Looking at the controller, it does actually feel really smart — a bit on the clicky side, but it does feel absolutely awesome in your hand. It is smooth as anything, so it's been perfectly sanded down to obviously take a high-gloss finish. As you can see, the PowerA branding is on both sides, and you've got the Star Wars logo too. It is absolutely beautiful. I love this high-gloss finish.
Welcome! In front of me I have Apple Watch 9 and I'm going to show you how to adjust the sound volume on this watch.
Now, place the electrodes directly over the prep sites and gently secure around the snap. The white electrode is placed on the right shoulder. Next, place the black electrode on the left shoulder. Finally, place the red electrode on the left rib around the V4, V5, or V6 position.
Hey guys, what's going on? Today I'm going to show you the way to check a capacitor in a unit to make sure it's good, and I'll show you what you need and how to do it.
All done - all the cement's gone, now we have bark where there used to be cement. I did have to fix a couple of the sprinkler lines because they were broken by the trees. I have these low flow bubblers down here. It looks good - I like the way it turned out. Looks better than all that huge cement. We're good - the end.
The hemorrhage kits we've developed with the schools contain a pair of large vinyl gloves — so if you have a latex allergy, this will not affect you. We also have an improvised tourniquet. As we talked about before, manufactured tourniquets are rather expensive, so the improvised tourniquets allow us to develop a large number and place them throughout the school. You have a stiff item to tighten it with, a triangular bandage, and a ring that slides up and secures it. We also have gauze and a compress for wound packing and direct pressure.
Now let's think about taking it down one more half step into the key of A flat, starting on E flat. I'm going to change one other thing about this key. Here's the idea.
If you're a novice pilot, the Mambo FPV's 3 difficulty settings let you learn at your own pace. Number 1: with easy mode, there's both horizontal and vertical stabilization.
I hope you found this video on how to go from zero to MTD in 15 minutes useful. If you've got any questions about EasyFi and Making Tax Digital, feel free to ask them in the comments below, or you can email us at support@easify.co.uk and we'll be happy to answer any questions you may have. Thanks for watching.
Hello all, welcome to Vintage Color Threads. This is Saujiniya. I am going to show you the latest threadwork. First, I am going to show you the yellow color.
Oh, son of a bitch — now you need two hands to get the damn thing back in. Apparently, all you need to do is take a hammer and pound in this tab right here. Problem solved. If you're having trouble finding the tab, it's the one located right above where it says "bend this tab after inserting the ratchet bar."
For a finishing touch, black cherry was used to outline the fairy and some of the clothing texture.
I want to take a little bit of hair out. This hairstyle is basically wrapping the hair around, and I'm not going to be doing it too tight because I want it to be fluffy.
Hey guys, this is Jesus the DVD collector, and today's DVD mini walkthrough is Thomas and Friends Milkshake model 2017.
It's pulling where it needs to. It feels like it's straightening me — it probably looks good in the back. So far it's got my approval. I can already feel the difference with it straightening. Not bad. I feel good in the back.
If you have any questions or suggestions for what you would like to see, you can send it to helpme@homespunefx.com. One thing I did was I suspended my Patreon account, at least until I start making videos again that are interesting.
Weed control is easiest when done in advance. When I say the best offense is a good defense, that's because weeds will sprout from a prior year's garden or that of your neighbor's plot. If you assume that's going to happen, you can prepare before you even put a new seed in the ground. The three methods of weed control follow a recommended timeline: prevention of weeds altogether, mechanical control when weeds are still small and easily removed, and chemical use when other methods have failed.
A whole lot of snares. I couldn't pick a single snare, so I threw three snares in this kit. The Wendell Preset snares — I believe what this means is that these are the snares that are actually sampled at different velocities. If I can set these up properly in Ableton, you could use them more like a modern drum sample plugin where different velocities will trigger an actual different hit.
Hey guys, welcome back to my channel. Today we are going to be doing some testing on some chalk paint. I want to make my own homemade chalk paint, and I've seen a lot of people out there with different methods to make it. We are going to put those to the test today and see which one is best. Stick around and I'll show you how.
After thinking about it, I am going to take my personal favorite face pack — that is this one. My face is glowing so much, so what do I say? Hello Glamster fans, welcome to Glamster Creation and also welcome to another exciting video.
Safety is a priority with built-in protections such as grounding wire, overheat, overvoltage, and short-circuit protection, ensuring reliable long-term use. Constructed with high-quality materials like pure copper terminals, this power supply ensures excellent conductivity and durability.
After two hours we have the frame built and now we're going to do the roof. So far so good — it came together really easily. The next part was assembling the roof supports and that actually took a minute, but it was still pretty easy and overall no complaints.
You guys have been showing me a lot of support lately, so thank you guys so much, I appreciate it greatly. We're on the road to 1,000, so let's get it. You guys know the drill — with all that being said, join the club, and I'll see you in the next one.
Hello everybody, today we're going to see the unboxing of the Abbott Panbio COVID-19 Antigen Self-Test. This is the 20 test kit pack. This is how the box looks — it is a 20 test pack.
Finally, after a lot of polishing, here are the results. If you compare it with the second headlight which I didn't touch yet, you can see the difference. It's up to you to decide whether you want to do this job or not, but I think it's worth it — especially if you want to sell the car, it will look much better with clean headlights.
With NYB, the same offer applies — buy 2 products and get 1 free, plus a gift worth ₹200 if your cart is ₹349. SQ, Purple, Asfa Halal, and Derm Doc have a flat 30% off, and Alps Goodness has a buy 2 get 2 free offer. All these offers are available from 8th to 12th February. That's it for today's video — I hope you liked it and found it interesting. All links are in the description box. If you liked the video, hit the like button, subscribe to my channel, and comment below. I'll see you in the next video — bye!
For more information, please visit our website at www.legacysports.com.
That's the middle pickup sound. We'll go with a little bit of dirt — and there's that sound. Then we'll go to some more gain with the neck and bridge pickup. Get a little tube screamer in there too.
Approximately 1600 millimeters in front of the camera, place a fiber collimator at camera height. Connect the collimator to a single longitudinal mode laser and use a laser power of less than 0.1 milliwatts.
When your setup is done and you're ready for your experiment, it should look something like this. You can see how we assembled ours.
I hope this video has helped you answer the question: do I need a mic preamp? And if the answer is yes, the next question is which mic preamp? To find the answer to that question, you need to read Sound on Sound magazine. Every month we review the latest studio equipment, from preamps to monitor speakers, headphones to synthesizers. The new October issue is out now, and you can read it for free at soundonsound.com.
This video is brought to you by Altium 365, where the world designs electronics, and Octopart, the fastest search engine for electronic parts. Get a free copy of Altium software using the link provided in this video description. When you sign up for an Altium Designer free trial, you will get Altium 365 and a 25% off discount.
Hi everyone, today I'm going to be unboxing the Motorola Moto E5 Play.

---

### [Exercise]
The data above must be repeated in its entirety, exactly as given.

### [Task result]
Looking at the controller, it does actually feel really smart — a bit on the clicky side, but it does feel absolutely awesome in your hand. It is smooth as anything, so it's been perfectly sanded down to obviously take a high-gloss finish. As you can see, the PowerA branding is on both sides, and you've got the Star Wars logo too. It is absolutely beautiful. I love this high-gloss finish.
Welcome! In front of me I have Apple Watch 9 and I'm going to show you how to adjust the sound volume on this watch.
Now, place the electrodes directly over the prep sites and gently secure around the snap. The white electrode is placed on the right shoulder. Next, place the black electrode on the left shoulder. Finally, place the red electrode on the left rib around the V4, V5, or V6 position.
Hey guys, what's going on? Today I'm going to show you the way to check a capacitor in a unit to make sure it's good, and I'll show you what you need and how to do it.
All done - all the cement's gone, now we have bark where there used to be cement. I did have to fix a couple of the sprinkler lines because they were broken by the trees. I have these low flow bubblers down here. It looks good - I like the way it turned out. Looks better than all that huge cement. We're good - the end.
The hemorrhage kits we've developed with the schools contain a pair of large vinyl gloves — so if you have a latex allergy, this will not affect you. We also have an improvised tourniquet. As we talked about before, manufactured tourniquets are rather expensive, so the improvised tourniquets allow us to develop a large number and place them throughout the school. You have a stiff item to tighten it with, a triangular bandage, and a ring that slides up and secures it. We also have gauze and a compress for wound packing and direct pressure.
Now let's think about taking it down one more half step into the key of A flat, starting on E flat. I'm going to change one other thing about this key. Here's the idea.
If you're a novice pilot, the Mambo FPV's 3 difficulty settings let you learn at your own pace. Number 1: with easy mode, there's both horizontal and vertical stabilization.
I hope you found this video on how to go from zero to MTD in 15 minutes useful. If you've got any questions about EasyFi and Making Tax Digital, feel free to ask them in the comments below, or you can email us at support@easify.co.uk and we'll be happy to answer any questions you may have. Thanks for watching.
Hello all, welcome to Vintage Color Threads. This is Saujiniya. I am going to show you the latest threadwork. First, I am going to show you the yellow color.
Oh, son of a bitch — now you need two hands to get the damn thing back in. Apparently, all you need to do is take a hammer and pound in this tab right here. Problem solved. If you're having trouble finding the tab, it's the one located right above where it says "bend this tab after inserting the ratchet bar."
For a finishing touch, black cherry was used to outline the fairy and some of the clothing texture.
I want to take a little bit of hair out. This hairstyle is basically wrapping the hair around, and I'm not going to be doing it too tight because I want it to be fluffy.
Hey guys, this is Jesus the DVD collector, and today's DVD mini walkthrough is Thomas and Friends Milkshake model 2017.
It's pulling where it needs to. It feels like it's straightening me — it probably looks good in the back. So far it's got my approval. I can already feel the difference with it straightening. Not bad. I feel good in the back.
If you have any questions or suggestions for what you would like to see, you can send it to helpme@homespunefx.com. One thing I did was I suspended my Patreon account, at least until I start making videos again that are interesting.
Weed control is easiest when done in advance. When I say the best offense is a good defense, that's because weeds will sprout from a prior year's garden or that of your neighbor's plot. If you assume that's going to happen, you can prepare before you even put a new seed in the ground. The three methods of weed control follow a recommended timeline: prevention of weeds altogether, mechanical control when weeds are still small and easily removed, and chemical use when other methods have failed.
A whole lot of snares. I couldn't pick a single snare, so I threw three snares in this kit. The Wendell Preset snares — I believe what this means is that these are the snares that are actually sampled at different velocities. If I can set these up properly in Ableton, you could use them more like a modern drum sample plugin where different velocities will trigger an actual different hit.
Hey guys, welcome back to my channel. Today we are going to be doing some testing on some chalk paint. I want to make my own homemade chalk paint, and I've seen a lot of people out there with different methods to make it. We are going to put those to the test today and see which one is best. Stick around and I'll show you how.
After thinking about it, I am going to take my personal favorite face pack — that is this one. My face is glowing so much, so what do I say? Hello Glamster fans, welcome to Glamster Creation and also welcome to another exciting video.
Safety is a priority with built-in protections such as grounding wire, overheat, overvoltage, and short-circuit protection, ensuring reliable long-term use. Constructed with high-quality materials like pure copper terminals, this power supply ensures excellent conductivity and durability.
After two hours we have the frame built and now we're going to do the roof. So far so good — it came together really easily. The next part was assembling the roof supports and that actually took a minute, but it was still pretty easy and overall no complaints.
You guys have been showing me a lot of support lately, so thank you guys so much, I appreciate it greatly. We're on the road to 1,000, so let's get it. You guys know the drill — with all that being said, join the club, and I'll see you in the next one.
Hello everybody, today we're going to see the unboxing of the Abbott Panbio COVID-19 Antigen Self-Test. This is the 20 test kit pack. This is how the box looks — it is a 20 test pack.
Finally, after a lot of polishing, here are the results. If you compare it with the second headlight which I didn't touch yet, you can see the difference. It's up to you to decide whether you want to do this job or not, but I think it's worth it — especially if you want to sell the car, it will look much better with clean headlights.
With NYB, the same offer applies — buy 2 products and get 1 free, plus a gift worth ₹200 if your cart is ₹349. SQ, Purple, Asfa Halal, and Derm Doc have a flat 30% off, and Alps Goodness has a buy 2 get 2 free offer. All these offers are available from 8th to 12th February. That's it for today's video — I hope you liked it and found it interesting. All links are in the description box. If you liked the video, hit the like button, subscribe to my channel, and comment below. I'll see you in the next video — bye!
For more information, please visit our website at www.legacysports.com.
That's the middle pickup sound. We'll go with a little bit of dirt — and there's that sound. Then we'll go to some more gain with the neck and bridge pickup. Get a little tube screamer in there too.
Approximately 1600 millimeters in front of the camera, place a fiber collimator at camera height. Connect the collimator to a single longitudinal mode laser and use a laser power of less than 0.1 milliwatts.
When your setup is done and you're ready for your experiment, it should look something like this. You can see how we assembled ours.
I hope this video has helped you answer the question: do I need a mic preamp? And if the answer is yes, the next question is which mic preamp? To find the answer to that question, you need to read Sound on Sound magazine. Every month we review the latest studio equipment, from preamps to monitor speakers, headphones to synthesizers. The new October issue is out now, and you can read it for free at soundonsound.com.
This video is brought to you by Altium 365, where the world designs electronics, and Octopart, the fastest search engine for electronic parts. Get a free copy of Altium software using the link provided in this video description. When you sign up for an Altium Designer free trial, you will get Altium 365 and a 25% off discount.
Hi everyone, today I'm going to be unboxing the Motorola Moto E5 Play.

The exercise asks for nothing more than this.